*Exercise goal:*
Every line in the listing below from the one with "Obligaciones de Sujeto" through the one with "Tabellarische Ansicht der" is to be reproduced exactly, both ends included; leave out the rest.

*Data listing:*
——————

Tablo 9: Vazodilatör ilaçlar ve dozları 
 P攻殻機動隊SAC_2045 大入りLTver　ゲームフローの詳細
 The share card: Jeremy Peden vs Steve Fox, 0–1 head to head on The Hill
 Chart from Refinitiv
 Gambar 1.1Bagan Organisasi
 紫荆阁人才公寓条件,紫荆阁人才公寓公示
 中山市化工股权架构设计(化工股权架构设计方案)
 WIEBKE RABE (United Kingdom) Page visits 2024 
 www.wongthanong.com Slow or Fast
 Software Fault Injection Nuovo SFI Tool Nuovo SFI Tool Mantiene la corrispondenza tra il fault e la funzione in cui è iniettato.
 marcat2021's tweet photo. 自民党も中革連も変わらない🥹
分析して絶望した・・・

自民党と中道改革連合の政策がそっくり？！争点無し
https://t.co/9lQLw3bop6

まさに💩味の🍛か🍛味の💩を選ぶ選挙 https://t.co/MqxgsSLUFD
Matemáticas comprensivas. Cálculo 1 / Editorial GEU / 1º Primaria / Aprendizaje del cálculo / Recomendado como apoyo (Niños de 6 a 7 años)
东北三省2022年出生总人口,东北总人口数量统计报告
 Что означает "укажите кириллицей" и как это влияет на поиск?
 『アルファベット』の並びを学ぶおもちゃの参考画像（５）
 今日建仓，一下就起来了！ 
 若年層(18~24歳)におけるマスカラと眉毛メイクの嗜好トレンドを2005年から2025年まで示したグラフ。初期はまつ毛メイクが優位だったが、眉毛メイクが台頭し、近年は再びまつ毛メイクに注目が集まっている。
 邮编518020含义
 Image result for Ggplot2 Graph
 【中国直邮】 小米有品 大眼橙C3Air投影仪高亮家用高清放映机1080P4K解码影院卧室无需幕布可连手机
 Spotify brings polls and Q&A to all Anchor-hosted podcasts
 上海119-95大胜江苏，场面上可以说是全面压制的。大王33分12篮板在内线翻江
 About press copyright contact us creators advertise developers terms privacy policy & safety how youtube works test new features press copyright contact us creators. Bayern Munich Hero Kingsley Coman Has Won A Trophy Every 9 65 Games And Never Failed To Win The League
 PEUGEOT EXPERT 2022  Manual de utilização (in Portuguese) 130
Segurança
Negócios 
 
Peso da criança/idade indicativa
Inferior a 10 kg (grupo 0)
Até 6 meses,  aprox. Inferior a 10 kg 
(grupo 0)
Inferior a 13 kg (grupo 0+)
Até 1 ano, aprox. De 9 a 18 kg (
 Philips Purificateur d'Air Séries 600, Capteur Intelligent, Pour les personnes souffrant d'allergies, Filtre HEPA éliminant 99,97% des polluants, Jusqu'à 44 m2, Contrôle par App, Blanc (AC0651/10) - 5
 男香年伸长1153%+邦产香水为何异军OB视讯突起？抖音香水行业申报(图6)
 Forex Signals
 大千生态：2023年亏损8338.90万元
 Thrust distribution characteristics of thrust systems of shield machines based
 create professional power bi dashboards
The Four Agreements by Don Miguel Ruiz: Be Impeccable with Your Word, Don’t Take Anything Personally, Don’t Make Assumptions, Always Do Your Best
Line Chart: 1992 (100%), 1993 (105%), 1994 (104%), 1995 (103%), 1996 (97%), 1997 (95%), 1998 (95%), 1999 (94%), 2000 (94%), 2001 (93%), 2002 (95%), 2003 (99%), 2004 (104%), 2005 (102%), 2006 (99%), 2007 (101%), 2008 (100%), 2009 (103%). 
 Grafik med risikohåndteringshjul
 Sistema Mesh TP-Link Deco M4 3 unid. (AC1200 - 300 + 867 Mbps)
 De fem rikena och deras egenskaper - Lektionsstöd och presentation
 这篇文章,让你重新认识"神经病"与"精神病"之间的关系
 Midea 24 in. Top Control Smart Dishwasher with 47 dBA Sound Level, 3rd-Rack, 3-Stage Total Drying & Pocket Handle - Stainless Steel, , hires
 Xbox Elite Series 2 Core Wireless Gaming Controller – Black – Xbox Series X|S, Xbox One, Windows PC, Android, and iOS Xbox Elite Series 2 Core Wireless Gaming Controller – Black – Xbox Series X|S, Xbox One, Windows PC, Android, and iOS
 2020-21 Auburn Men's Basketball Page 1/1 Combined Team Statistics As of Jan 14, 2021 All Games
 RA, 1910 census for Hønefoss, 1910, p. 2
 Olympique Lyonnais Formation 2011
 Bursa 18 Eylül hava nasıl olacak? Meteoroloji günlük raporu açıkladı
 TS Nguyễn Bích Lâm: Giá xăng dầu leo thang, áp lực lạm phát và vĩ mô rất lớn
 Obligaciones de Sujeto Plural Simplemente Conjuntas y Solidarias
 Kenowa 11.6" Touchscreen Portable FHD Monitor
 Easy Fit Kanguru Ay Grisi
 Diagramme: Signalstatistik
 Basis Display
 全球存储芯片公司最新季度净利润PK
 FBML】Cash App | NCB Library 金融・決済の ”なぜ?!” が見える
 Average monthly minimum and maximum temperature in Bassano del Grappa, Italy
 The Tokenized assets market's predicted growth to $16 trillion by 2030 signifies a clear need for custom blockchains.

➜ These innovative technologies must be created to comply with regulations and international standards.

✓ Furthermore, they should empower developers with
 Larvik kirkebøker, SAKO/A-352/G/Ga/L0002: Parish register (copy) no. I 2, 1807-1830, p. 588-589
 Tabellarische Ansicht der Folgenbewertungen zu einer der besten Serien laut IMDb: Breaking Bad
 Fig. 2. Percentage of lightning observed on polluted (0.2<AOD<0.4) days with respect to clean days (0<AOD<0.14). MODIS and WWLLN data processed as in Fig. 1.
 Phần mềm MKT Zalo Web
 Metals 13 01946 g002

——————

*Result of this task:*
 Obligaciones de Sujeto Plural Simplemente Conjuntas y Solidarias
 Kenowa 11.6" Touchscreen Portable FHD Monitor
 Easy Fit Kanguru Ay Grisi
 Diagramme: Signalstatistik
 Basis Display
 全球存储芯片公司最新季度净利润PK
 FBML】Cash App | NCB Library 金融・決済の ”なぜ?!” が見える
 Average monthly minimum and maximum temperature in Bassano del Grappa, Italy
 The Tokenized assets market's predicted growth to $16 trillion by 2030 signifies a clear need for custom blockchains.

➜ These innovative technologies must be created to comply with regulations and international standards.

✓ Furthermore, they should empower developers with
 Larvik kirkebøker, SAKO/A-352/G/Ga/L0002: Parish register (copy) no. I 2, 1807-1830, p. 588-589
 Tabellarische Ansicht der Folgenbewertungen zu einer der besten Serien laut IMDb: Breaking Bad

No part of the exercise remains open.